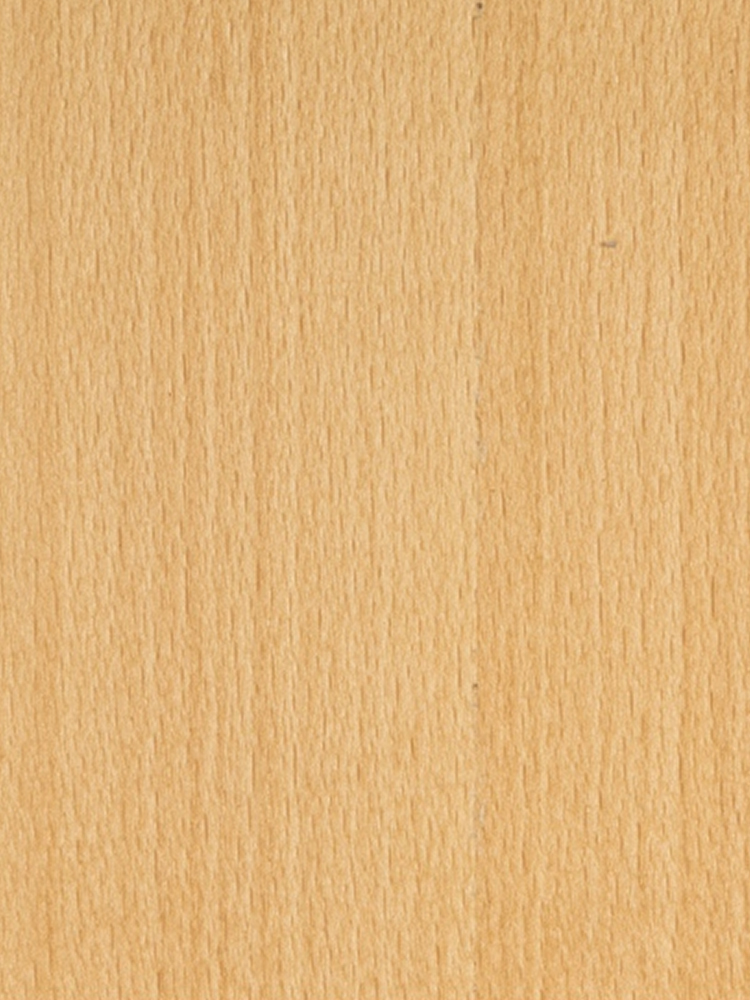 Steam Beech Q/C
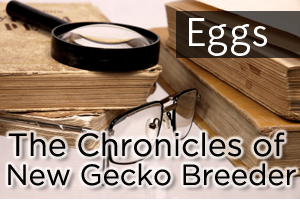 Chronicles of a New Breeder: Eggs!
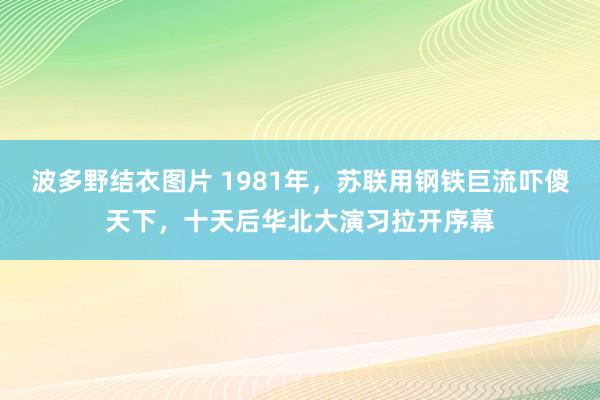 波多野结衣图片 1981年，苏联用钢铁巨流吓傻天下，十天后华北大演习拉开序幕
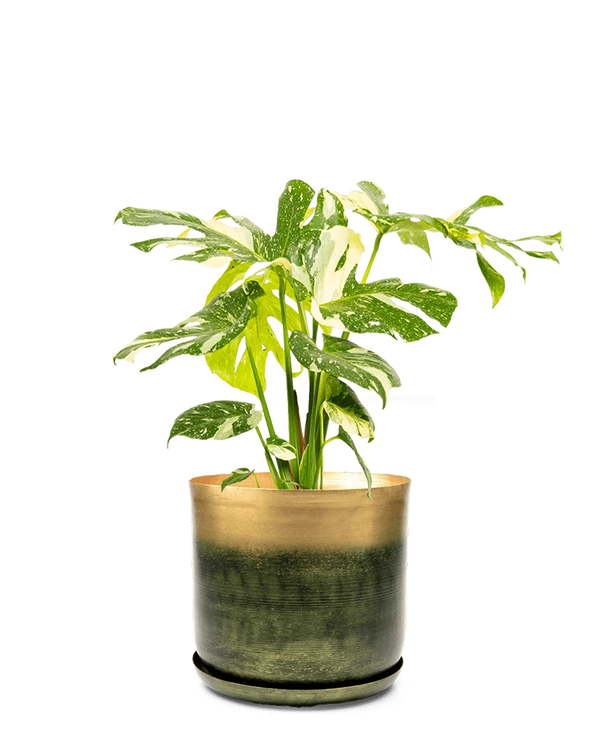 Joe Large Metal Pot With Drainage Hole, Forest & Gold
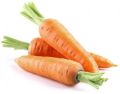 Natural Orange Red Fresh Carrot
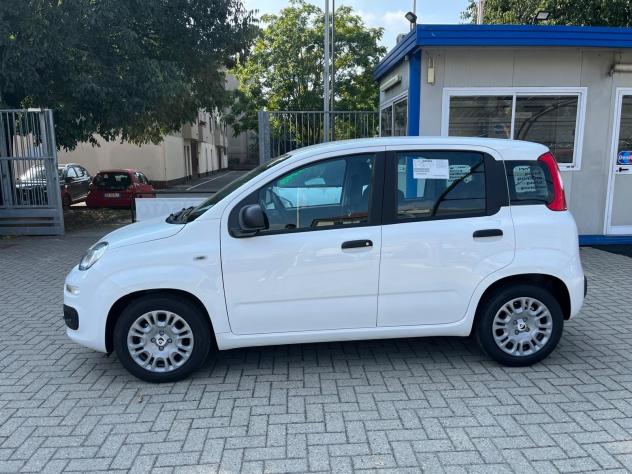 FIAT Panda Panda 1.0 firefly hybrid s&s Icon - Foto 5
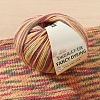 Wool Rainbow Segment Dyed Yarn PW-WG3CD8F-17-1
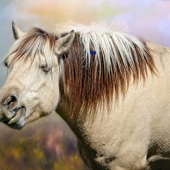 Maureen Ravnik – “The Whimsical One” - www.maureenravnik.crevado.com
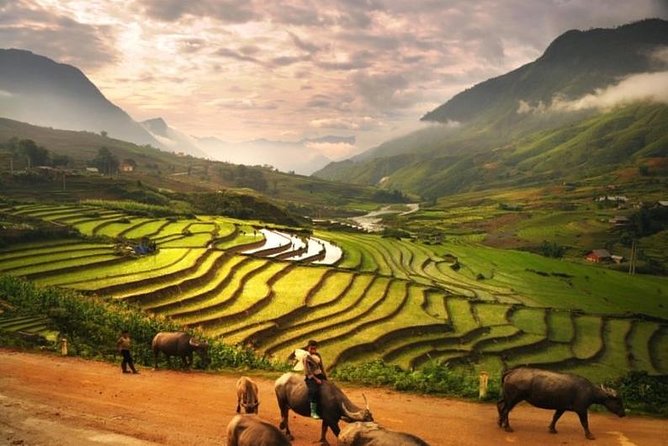 15-Day Majestic Vietnam FULL Package - 68% OFF + Bonuses - Hue (Days 9 and 10): Pagoda by Dragon Boat and Imperial City Time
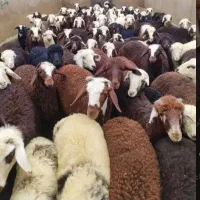 بره پای پروار و کشتاری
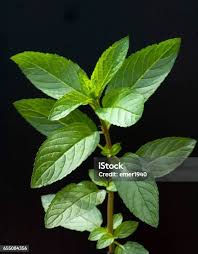 Attēlu rezultāti vaicājumam “Mentha x piperita leaf”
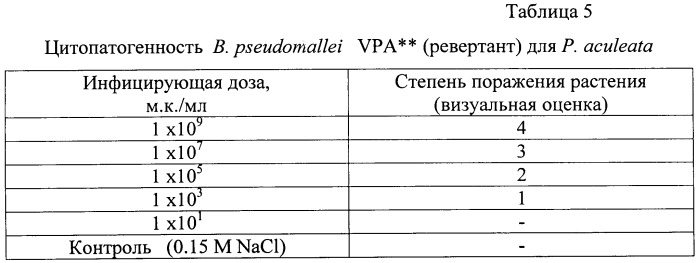 Способ косвенной оценки вирулентности штаммов патогенных буркхольдерий по признаку цитопатогенности (патент 2485182)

........

What is required
Give the data above again, exactly, with every picture removed.

Result below
 Steam Beech Q/C
 Chronicles of a New Breeder: Eggs!
 波多野结衣图片 1981年，苏联用钢铁巨流吓傻天下，十天后华北大演习拉开序幕
 Joe Large Metal Pot With Drainage Hole, Forest & Gold
 Natural Orange Red Fresh Carrot
 FIAT Panda Panda 1.0 firefly hybrid s&s Icon - Foto 5
 Wool Rainbow Segment Dyed Yarn PW-WG3CD8F-17-1
 Maureen Ravnik – “The Whimsical One” - www.maureenravnik.crevado.com
 15-Day Majestic Vietnam FULL Package - 68% OFF + Bonuses - Hue (Days 9 and 10): Pagoda by Dragon Boat and Imperial City Time
 بره پای پروار و کشتاری
 Attēlu rezultāti vaicājumam “Mentha x piperita leaf”
 Способ косвенной оценки вирулентности штаммов патогенных буркхольдерий по признаку цитопатогенности (патент 2485182)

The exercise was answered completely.